Ontology is one of the key technologies to realize Semantic Web. In the Semantic Web, ontologies are shared and reused by different developers in a distributed environment. To construct large scale ontologies, it is necessary to collaborate with many developers. Therefore, distributed and collaborative construction of ontlogies is one of the most significant issues. In this paper, we discuss an ontology development system named Hozo to support a construction of ontologies. We focus on providing a framework for distributed development. Its main features include a dependency management of ontologies and a framework for supporting to keep consistency of ontologies. Section 2 discusses a distributed ontology development we assume. Section 3 summarizes Hozo and flow of distributed ontology development. The functionalities of Hozo to support such a development are described in section 4. In Section 5, discuss some related work. We conclude with a summary of some future works in Section 6, .
We assume a situation where several ontologies are constructed separately in a distributed environment (and sometimes in parallel by different developers). In such a situation, some ontologies may import concepts (classes) defined in other ontologies, and another concept might be defined in the ontology by extending the imported concepts (see Figure 1). And then, it means the ontology B which imports concepts from Ontology A depends on ontology A. In this paper, we call ontologies which are depended by other ontology and those depend on others depended ontologies, and dependent ontologies, respectively. In Figure 1, Ontology A is the depended ontology of Ontology B, and Ontology B is the dependent ontology of A. The authors call a development of ontologies in such a manner distributed ontology development.
The distributed ontology development applies to many situations: cooperative development, understanding the total picture of conceptual hierarchy of ontologies, reusing published ontologies and so on.
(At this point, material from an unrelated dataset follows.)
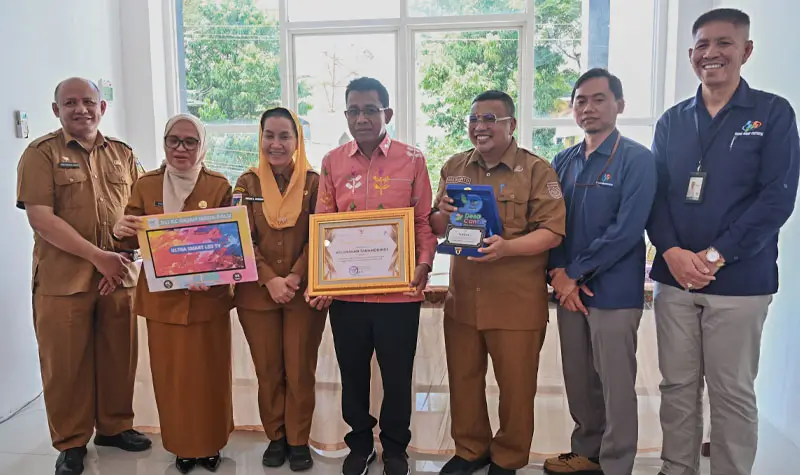 Lurah Tanamodindi (tengah) menunjukkan piagam penghargaan setelah meraih predikat terbaik Kelurahan Cantik se Sulteng dari BPS Sulteng, Senin (13/10/2025). (© bmzIMAGES/Basri Marzuki)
In the distributed ontology development, developers construct multiple ontologies in cooperation among the developers. They can reuse published components of other ontologies if possible. It is a common way for ontology development to extend an existing ontology into a target-specific ontology. However, when developers construct ontologies in parallel or reuse ontology which is under construction and thus unstable, consistency among the ontologies is easily broken because they are revised asynchronously without notice. Furthermore, they are possibly updated without concerning whether other ontologies depend on them or not and how those ontologies would be influenced by their changes because authorities for maintenance of the ontologies are separated and distributed to each developer of them. Therefore, when a developer changes his/her ontology, the change influences on dependent ontologies of it. In many cases, such a change may cause inconsistencies among the ontologies.
For consistent development of ontologies, a system should manage dependencies among the ontologies and support their developers to harmonize the ontologies. Practically, the system should have at least two following functionalities:
1) To manage ontologies with its dependencies on others.
2) To provide a framework to keep and restore consistencies of ontologies when they are changed.
Based on this observation, the authors have investigated how a change of one ontology influences on others through its dependencies. And they have devised strategies for the change in order to keep and restore the consistency of them [1]. They have implemented a framework for ontology development in harmony among depended/dependent ontologies as an extension of Hozo (our ontology development tool) [2].
Copyright is held by the author/owner(s). WWW 2007, May 8--12, 2007, Banff, Canada.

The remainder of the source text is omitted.